(203c) Characterizing Uncertainty and Error in Machine Learning Chemical Property Prediction | AIChE

(203c) Characterizing Uncertainty and Error in Machine Learning Chemical Property Prediction


Heid, E. - Presenter, Massachusetts Institute of Technology
McGill, C. J., North Carolina State University
Vermeire, F., Massachusetts Institute of Technology
Green, W., Massachusetts Institute of Technology
Deep neural networks recently have made a tremendous impact in chemical engineering disciplines, where graph-convolutional neural networks can predict molecular properties with higher accuracy than state-of-the-art techniques. One of the main remaining challenges is to better understand and quantify the different sources of uncertainty associated with molecular property prediction. The uncertainty of the predictions of a machine learning model and thus the deviations from the true target values are characterized by uncertainties due to the model (epistemic uncertainty, including model bias, parameter uncertainty and interpolation uncertainty), as well as uncertainties due to the underlying data and its noise (aleatoric uncertainty). The allocation of the error of a model into epistemic and aleatoric contributions is non-trivial, but essential to characterize possibilities for performance improvements. The categorization of sources of uncertainty in a machine learning model is especially difficult for chemical applications, where the vast chemical space and the diverse nature and number of targets enable a multitude of possible sources for prediction errors. The high dimensionality of chemical space furthermore complicates the differentiation between interpolation and extrapolation for a model prediction.

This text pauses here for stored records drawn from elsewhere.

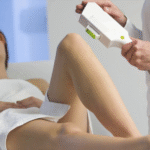 Konya’da Buz Lazer Nedir?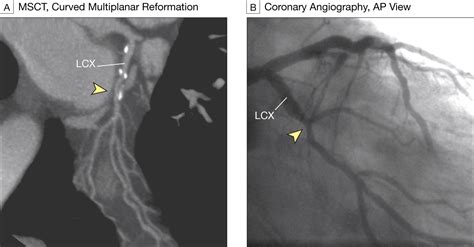 Noninvasive Coronary Angiography With Multislice Computed Tomography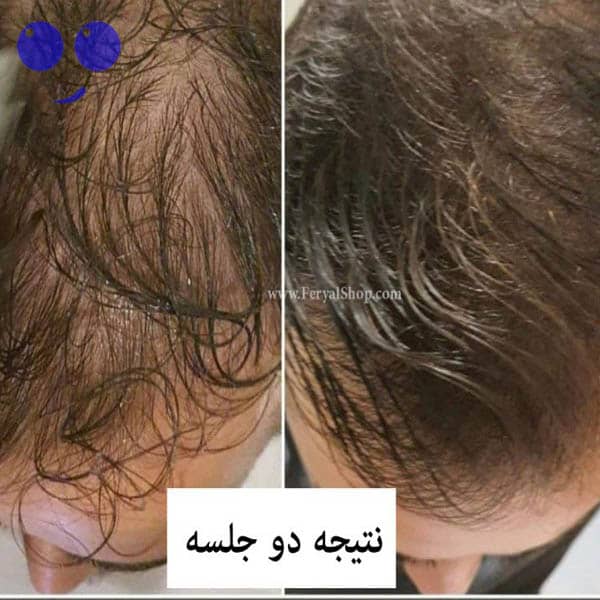 کوکتل رویش مجدد مو ماتریکس Hr3 ژنوسیس 5 کوکتل رویش مجددموماتریکس HR3 ژنوسیس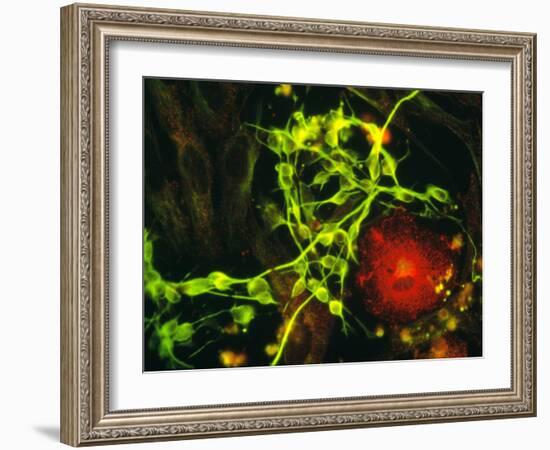 Immunofluorescent LM of Macrophage In Brain Tissue-Nancy Kedersha-Framed Photographic Print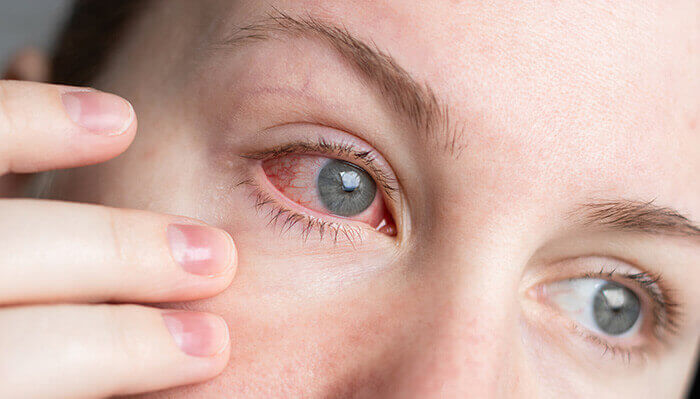 gros plan sur un oeil rouge souffrant d'une conjonctivite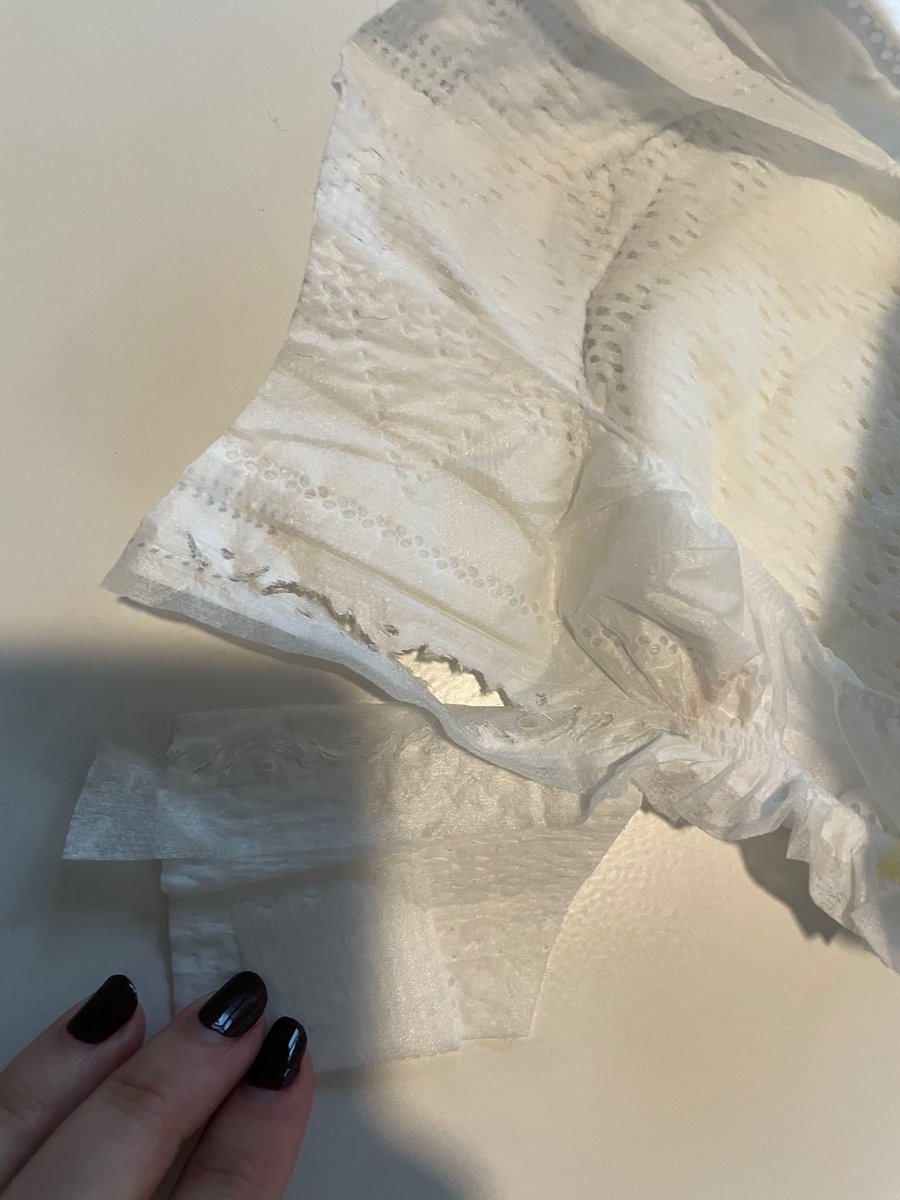 ChelseyPG's tweet photo. @Pampers all my diapers keep ripping in the same place. This week alone we’ve thrown out 6 diapers $$$$ What’s the deal? https://t.co/lbqg85kS7y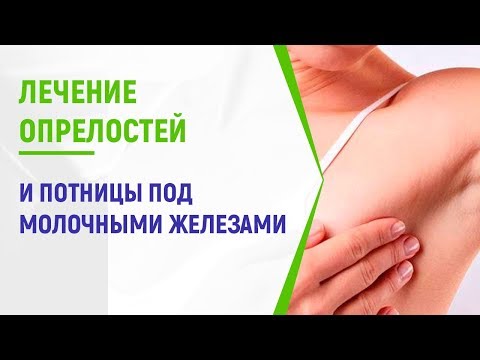 Лечение опрелостей и потницы под молочными железами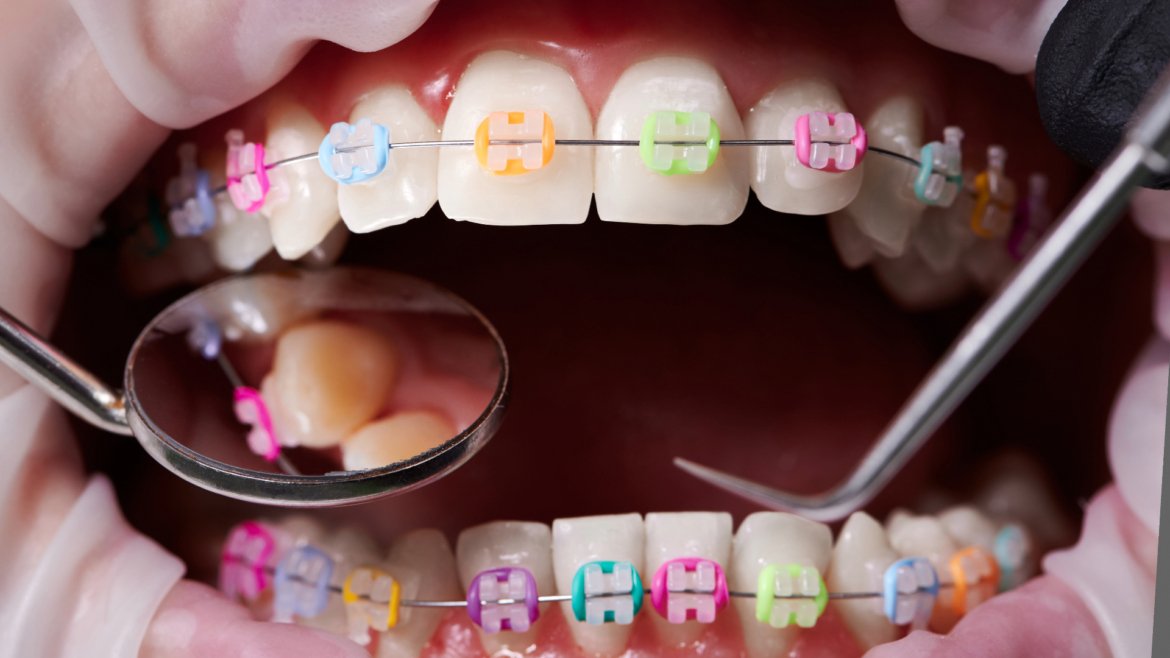 Opciones de ortodoncia, ¿cuál es la que más se adapta a ti?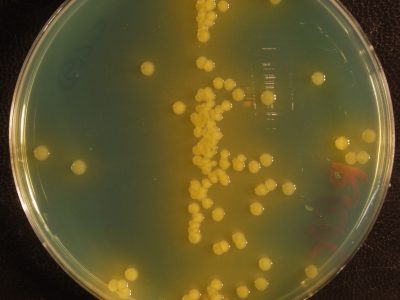 E. coli en medio CLED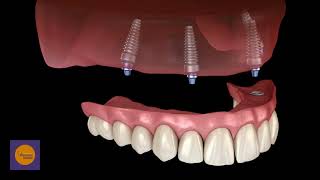 PROTESI FISSA SUPERIORE SU 4 IMPIANTI [upl. by Arayk]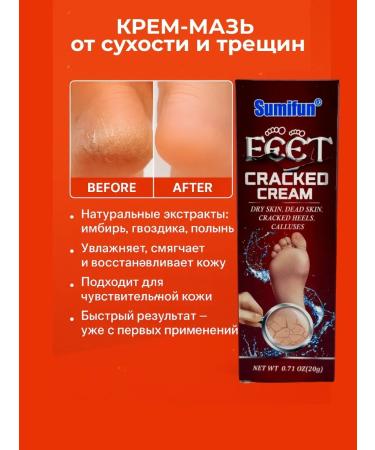 Life Healing ointment from cracks on the heels cream from dry legs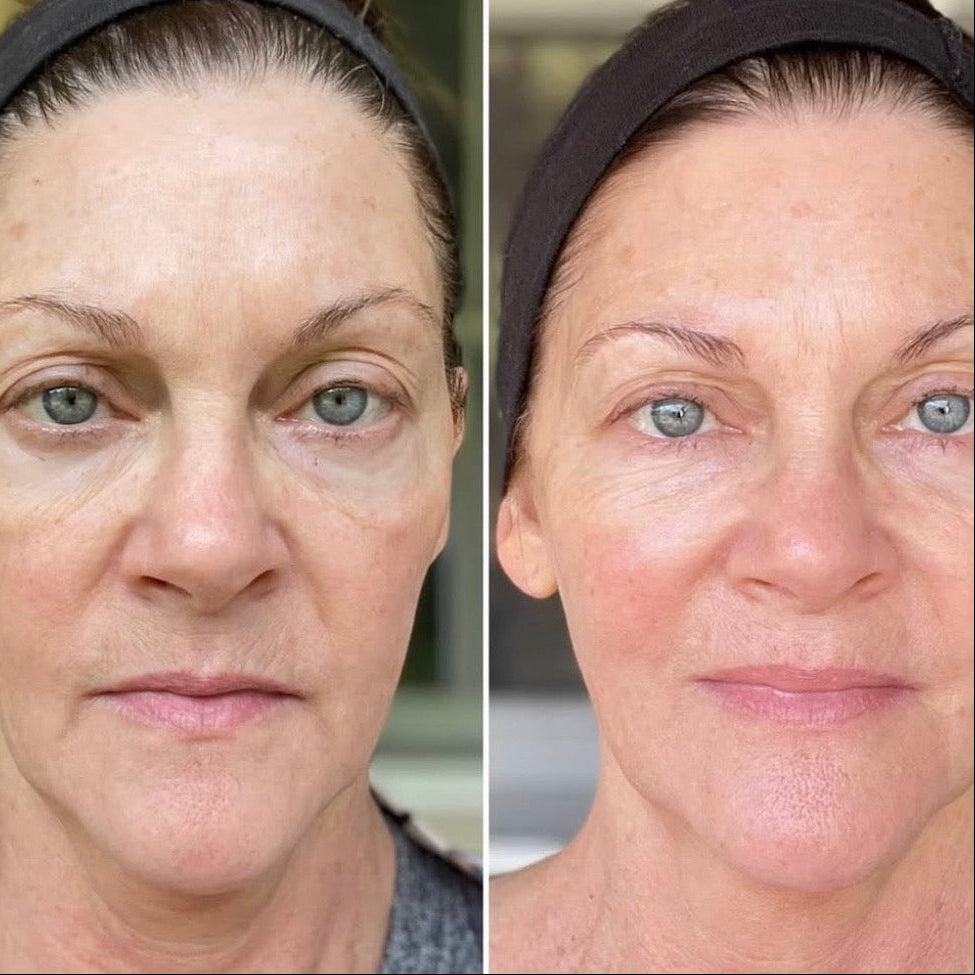 Stap 4. Anti-age dag/nachtcrème met biologisch alternatief voor retinol.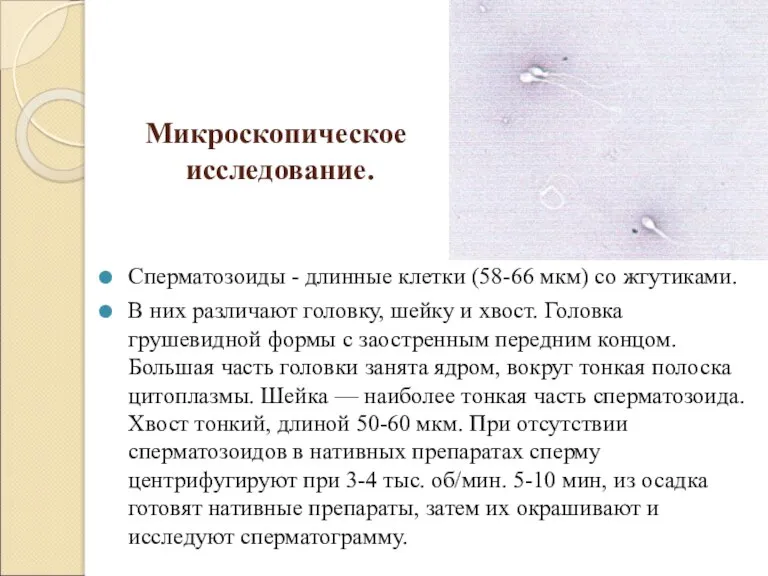 Микроскопическое исследование. Сперматозоиды - длинные клетки (58-66 мкм) со жгутиками. В них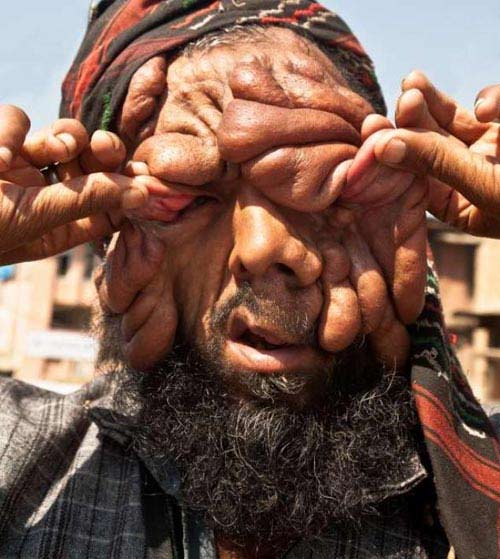 Xót xa người đàn ông "mặt quỷ" ở Ấn Độ - 2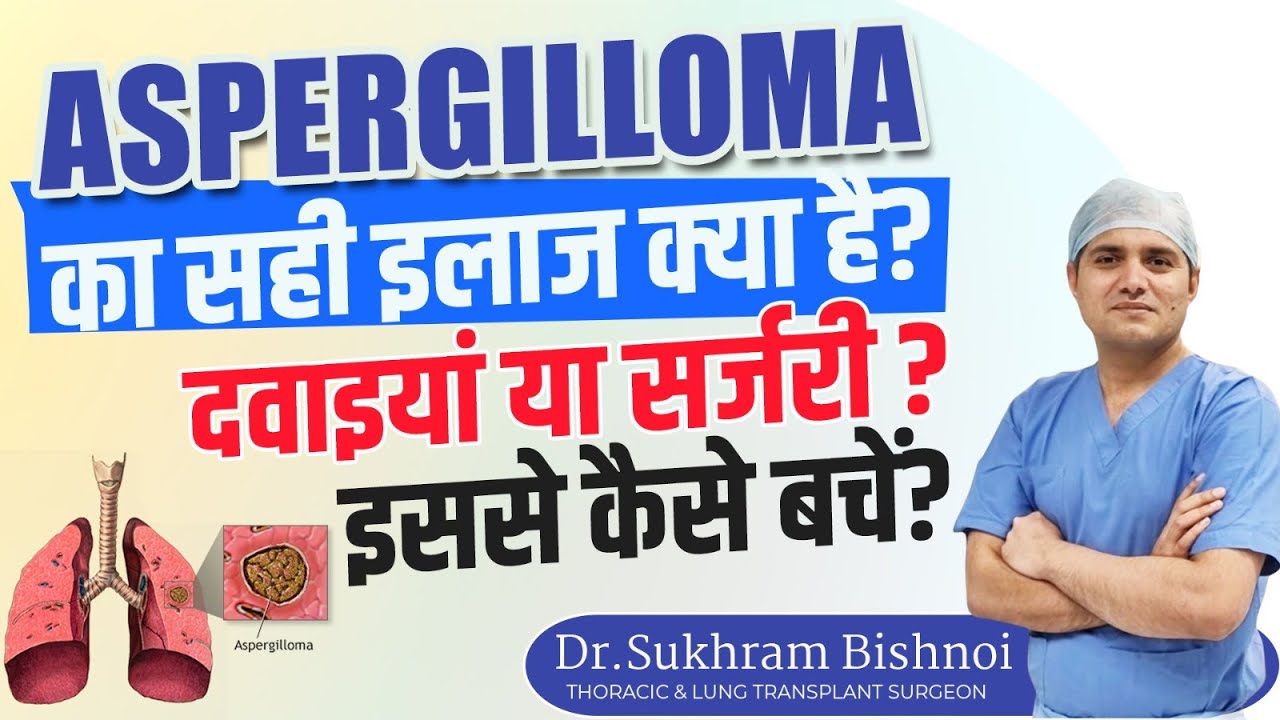Aspergilloma (Fungus Ball) का सही इलाज क्या है? l How to treat Aspergilloma l Dr Sukhram Bishnoi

We systematically study the influence of model bias, such as errors due to the model architecture and input representation, model variance, as well as target data noise on the performance of graph-convolutional neural networks on chemical prediction tasks. Through a clever design of molecular prediction tasks for which an exact solution is known and achievable for a graph-convolutional neural network, we are able to add errors to the data and models in a controlled manner and study the effects on model performance. We combine the addition of controlled errors with different uncertainty estimation techniques, changes to model architecture, and changes in the size or makeup of the dataset to demonstrate trends important to users of machine learning for property prediction. We show that under the influence of random noise in the training and test set, the true performance of a model can continue to improve with larger datasets but the apparent performance will approach an asymptote and cease to improve. Further, we demonstrate the utility of using heteroscedastic and homoscedastic loss functions to assess the presence of noise errors in the dataset, when those errors are associated with model features and when they are not. We apply measured ensemble variance as a method of assessing epistemic error and use statistical analysis of the results to project how much of the model error is due to variance that can be observed with ensembling and how much is a baseline bias. Using trends over batch size and observed interactions between different uncertainty characterizations, we provide methods for estimating the contribution of different error types to the model performance, the likely effects of adding more data, and the maximum benefit available from ensembling.